* _Action item_:
Your response should consist of the entire listing, transcribed exactly, with every image left out.
= = = = = = =
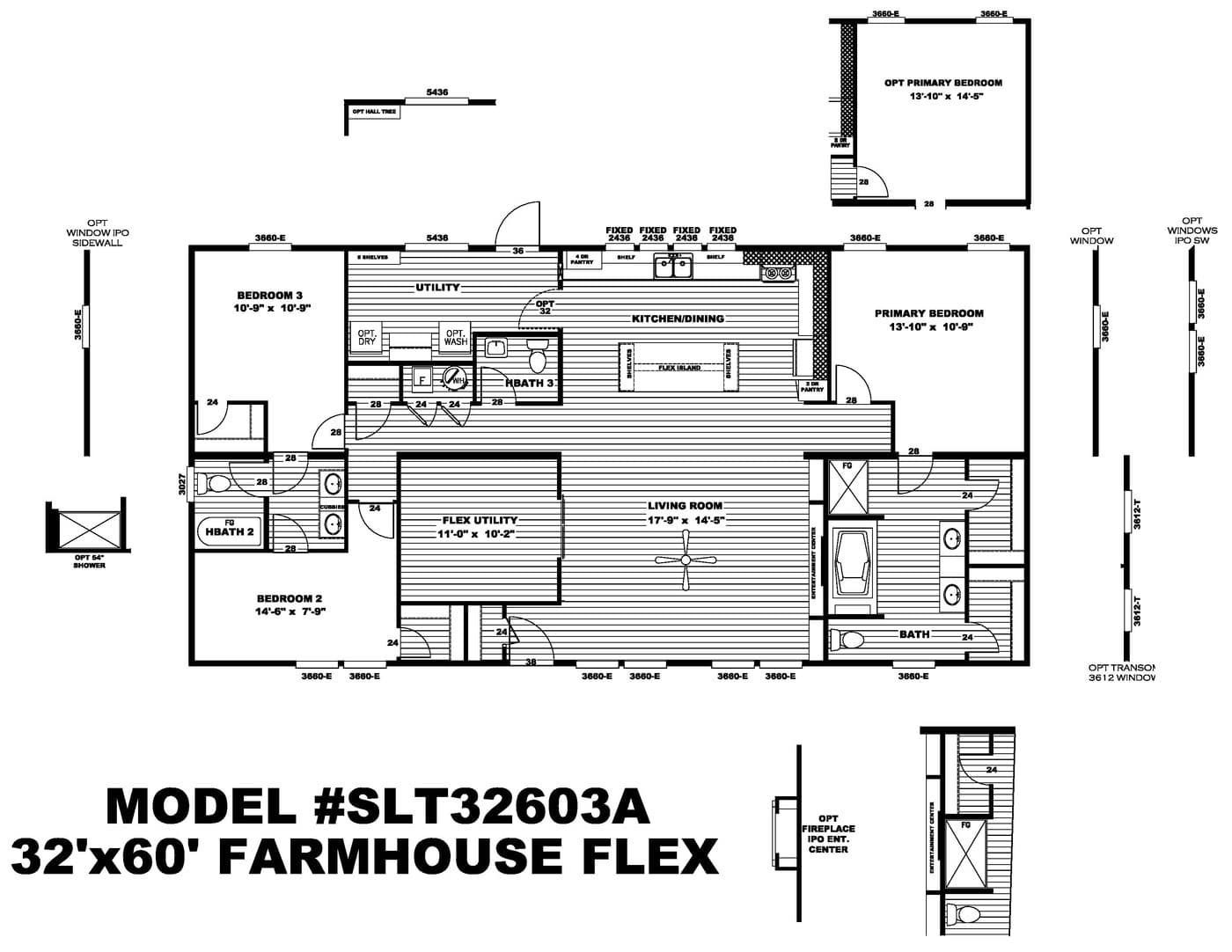 Floor plan for FARMHOUSE FLEX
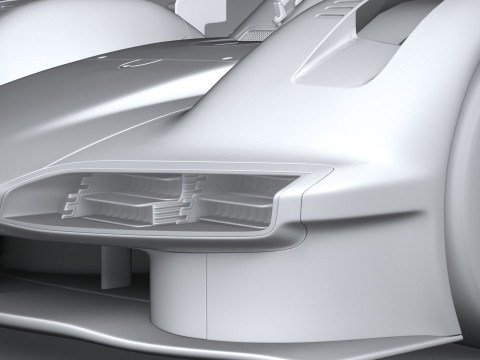 Porsche 963 LMDh Racecar 2023 3D Модель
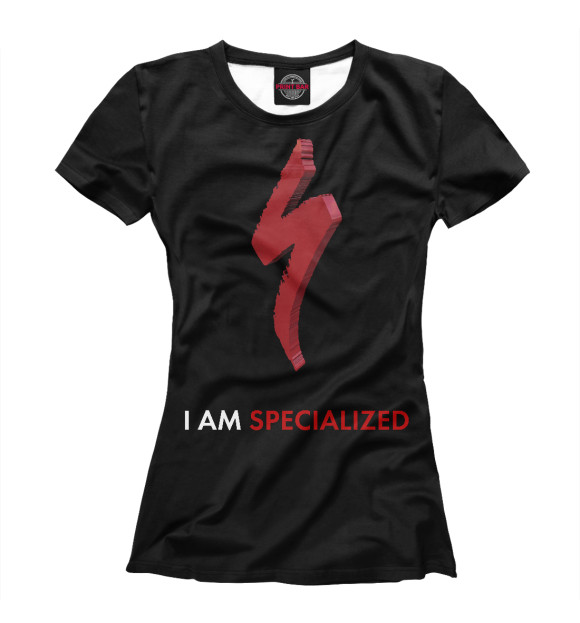 Футболка для девочек с изображением I AM SPECIALIZED цвета Белый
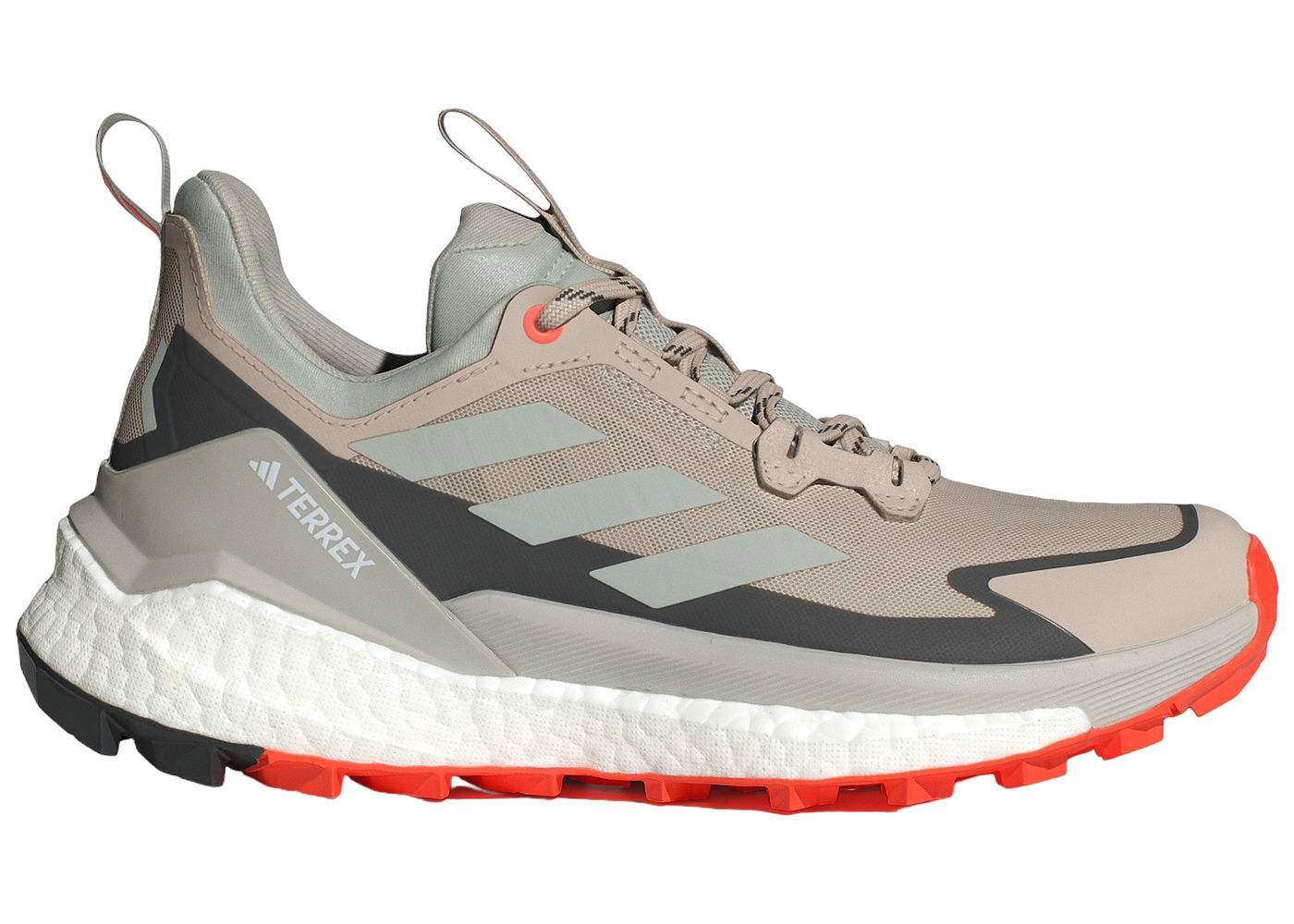 Tenisky a topánky adidas Performance Terrex Free Hiker 2.0 Low Wonder Beige Core Black Semi Impact Orange W Šedá | IE5121, 0
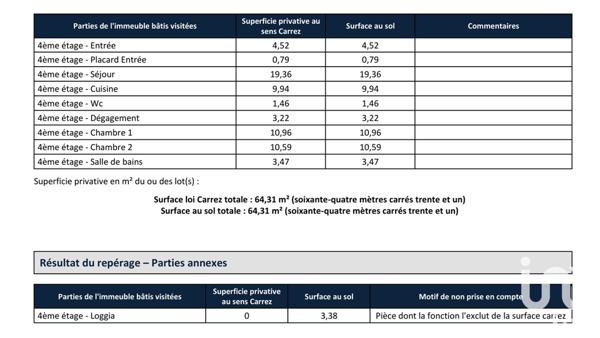 Appartement à vendre 3 pièces 64 m² Rueil-Malmaison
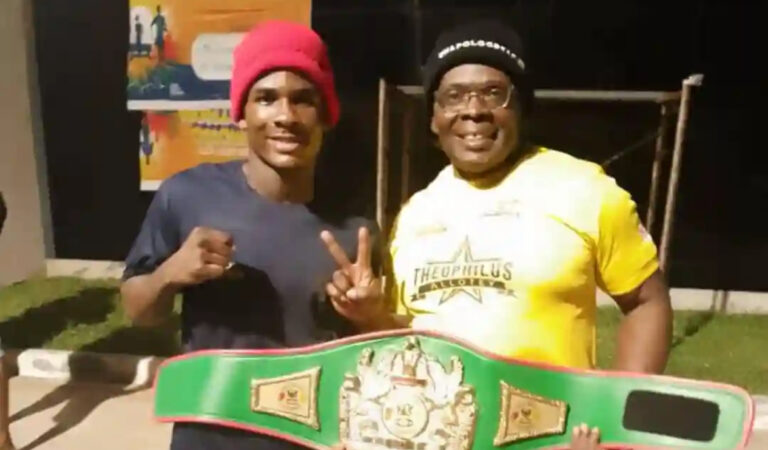 Theophilus Allotey Is Now Ghana National Super Flyweight Champ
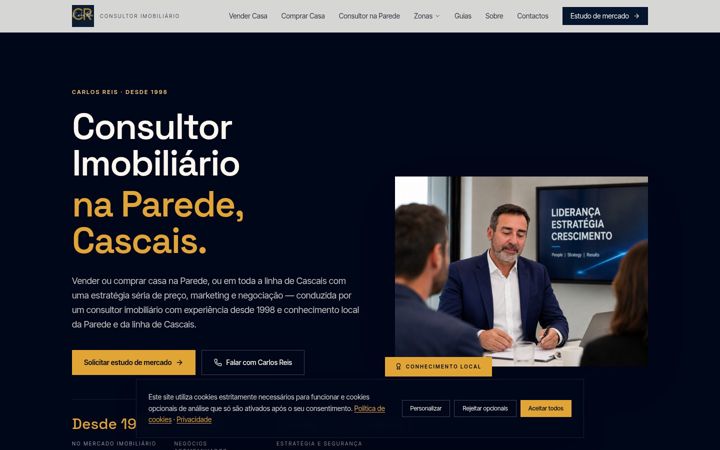 Screenshot of carlosreis.pt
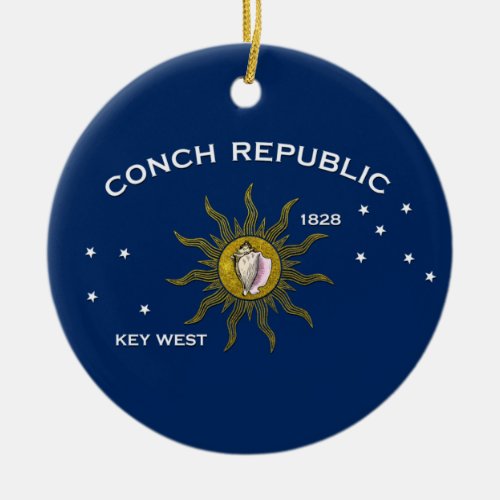 Conch Republic Key West Ceramic Ornament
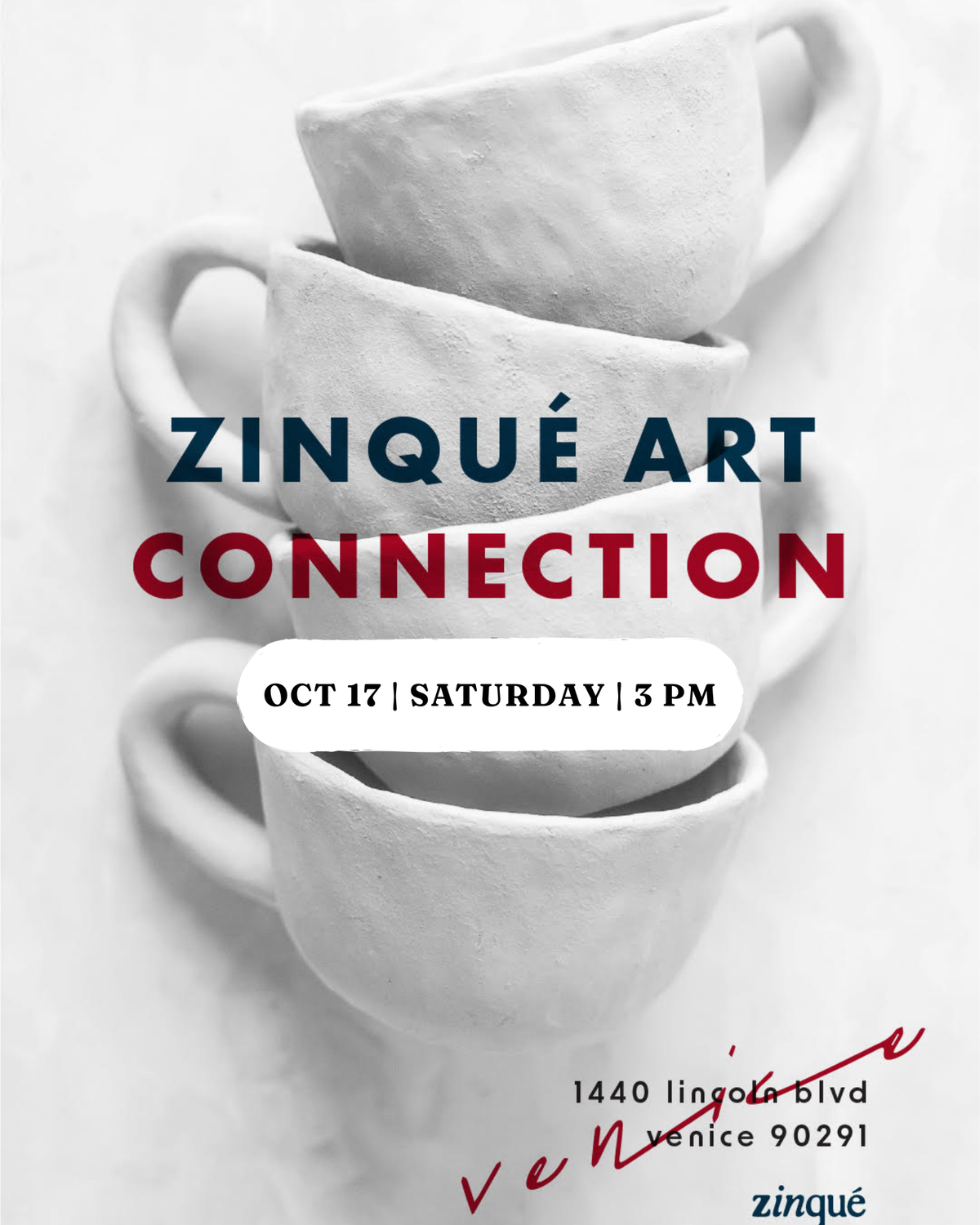 October 17 |Ceramics Workshop [Open Play] @ Zinqué Venice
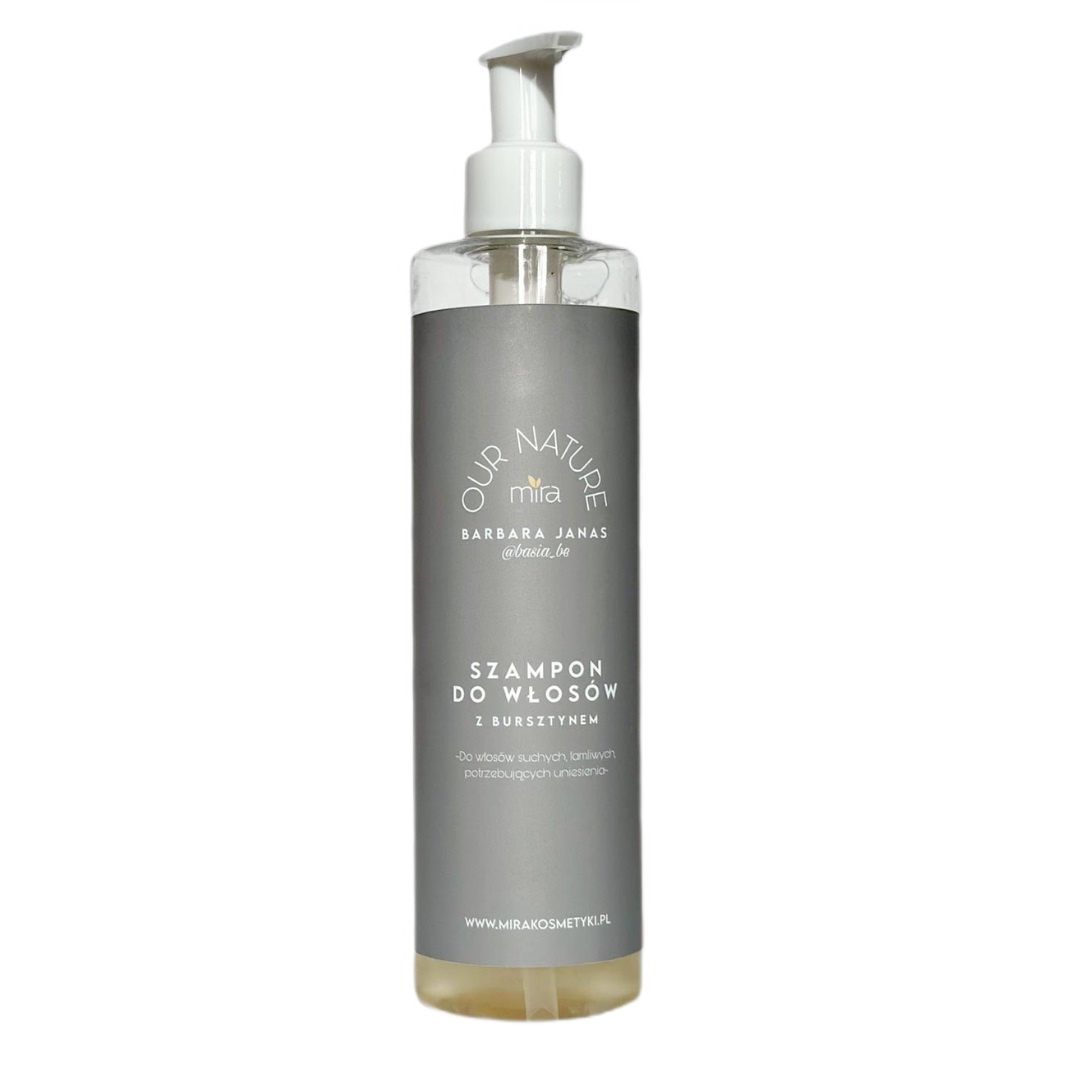 Mira Our Nature By Basia Hair Care szampon do włosów z bursztynem, 300 ml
= = = = = = =
* _Task solution_:
 Floor plan for FARMHOUSE FLEX
 Porsche 963 LMDh Racecar 2023 3D Модель
 Футболка для девочек с изображением I AM SPECIALIZED цвета Белый
 Tenisky a topánky adidas Performance Terrex Free Hiker 2.0 Low Wonder Beige Core Black Semi Impact Orange W Šedá | IE5121, 0
 Appartement à vendre 3 pièces 64 m² Rueil-Malmaison
 Theophilus Allotey Is Now Ghana National Super Flyweight Champ
 Screenshot of carlosreis.pt
 Conch Republic Key West Ceramic Ornament
 October 17 |Ceramics Workshop [Open Play] @ Zinqué Venice
 Mira Our Nature By Basia Hair Care szampon do włosów z bursztynem, 300 ml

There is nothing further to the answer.